How many robots will get G39 fouls during Autonomous?
G39 ROBOTS are prohibited from launching BOULDERS unless they are in contact with the opponent’s TOWER or carpet in the opponent’s COURTYARD, and not in contact with any other carpet. Violation: TECH FOUL per BOULDER
A robot gets stuck on the Defense, and then blindly shoots the boulder.
I’ll have to tell the programmers to check their position, and do not shoot if not in the right place.
This is harder than you think. Unless your vision system can accurately tell distance (and therefore derive your position on the field), there isn’t much your programmers can do. Most defences like the Rough Terrain or Ramparts will render encoders basically useless until you’re on flat ground again.
That being said, I think a lot of teams will get stuck on defences, or read their position inaccurately, during autonomous. However, some teams may have a way to mitigate this
Quote:
Originally Posted by rich2202
I’ll have to tell the programmers to check their position, and do not shoot if not in the right place.
This is harder than you think. Unless your vision system can accurately tell distance (and therefore derive your position on the field), there isn’t much your programmers can do. Most defences like the Rough Terrain or Ramparts will render encoders basically useless until you’re on flat ground again.

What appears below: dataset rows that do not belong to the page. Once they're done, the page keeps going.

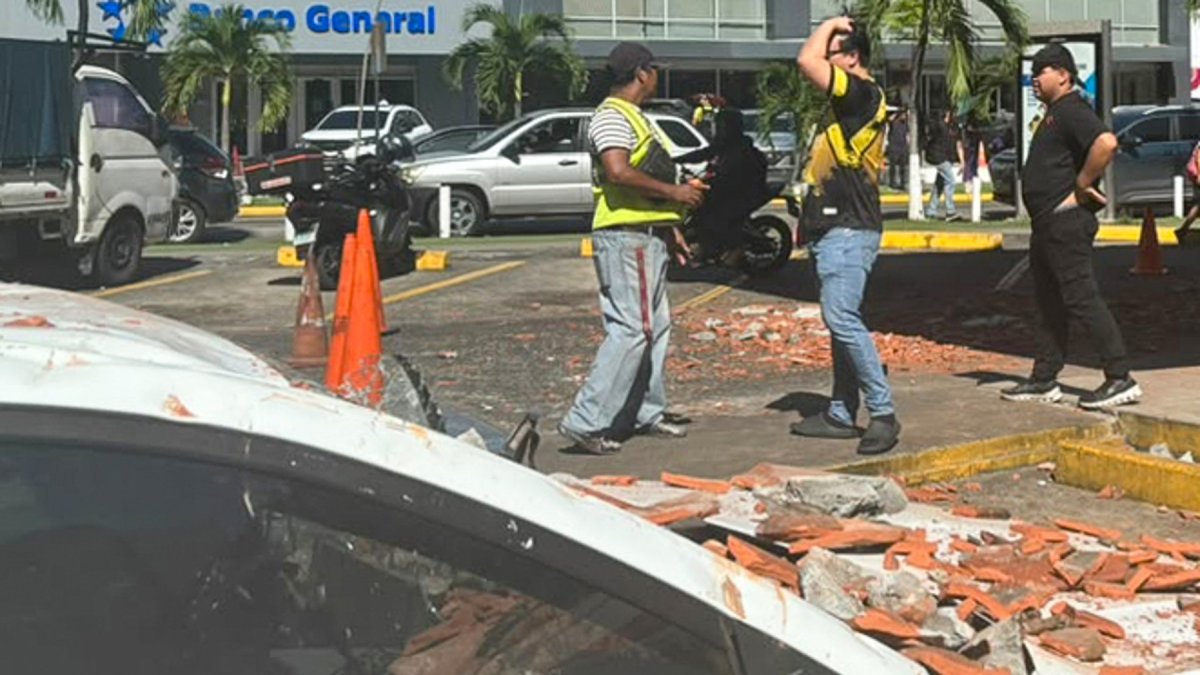 Personas observan un vehículo afectado por los restos de un edificio en Ciudad de Panamá, tras un terremoto de magnitud 7,7 que sacudió el país este viernes 9 de octubre.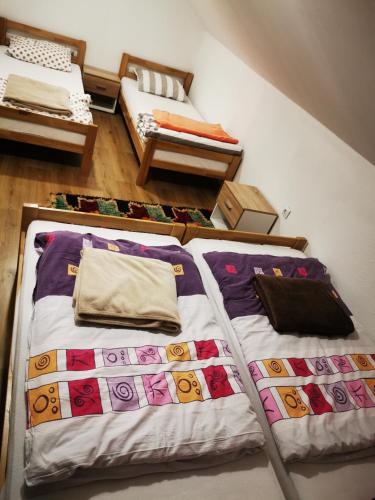 a room with two beds and a bed with pillows at Markov konak in Jahorina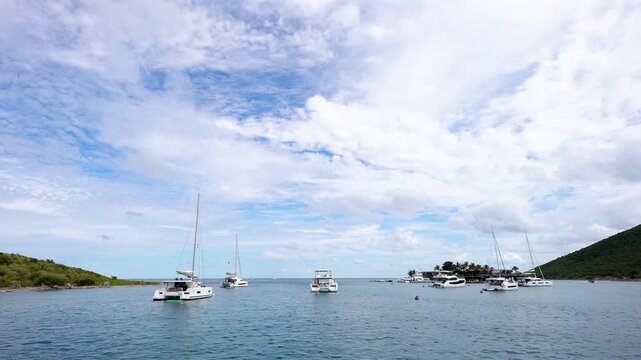 Saba, Virgin Gorda cove where sailboats and catamarans are anchored and moored in the British Virgin Islands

That being said, I think a lot of teams will get stuck on defences, or read their position inaccurately, during autonomous. However, some teams may have a way to mitigate this
Everyone’s roboRIO has an accelerometer built into it.
If a team can’t use that to tell the difference between being flat on the floor or sitting on a defense before firing… I will be very sad.

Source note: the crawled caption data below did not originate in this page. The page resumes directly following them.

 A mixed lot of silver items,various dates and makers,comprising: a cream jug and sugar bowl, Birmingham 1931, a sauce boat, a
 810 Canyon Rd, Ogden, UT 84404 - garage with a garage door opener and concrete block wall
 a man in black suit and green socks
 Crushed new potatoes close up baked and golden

I might even go around at events making sure every team that plans on shooting, that our team would play with in quals at least, can utilize that feature to ensure no fouls.
Accelerometer =/= Gyro. Although 2 dimensions worth of data can be derived from the accelerometer, for most teams, this is not worth the effort. The RoboRIO’s accelerometer has a lot of drift associated with it. This was also discussed Here
Even if a team decides to implement this, they still have to reorient to face the goal and shoot, for which they need to determine their distance and angle to the goal. If their vision is capable of this, it negates the need for a gyro in the first place.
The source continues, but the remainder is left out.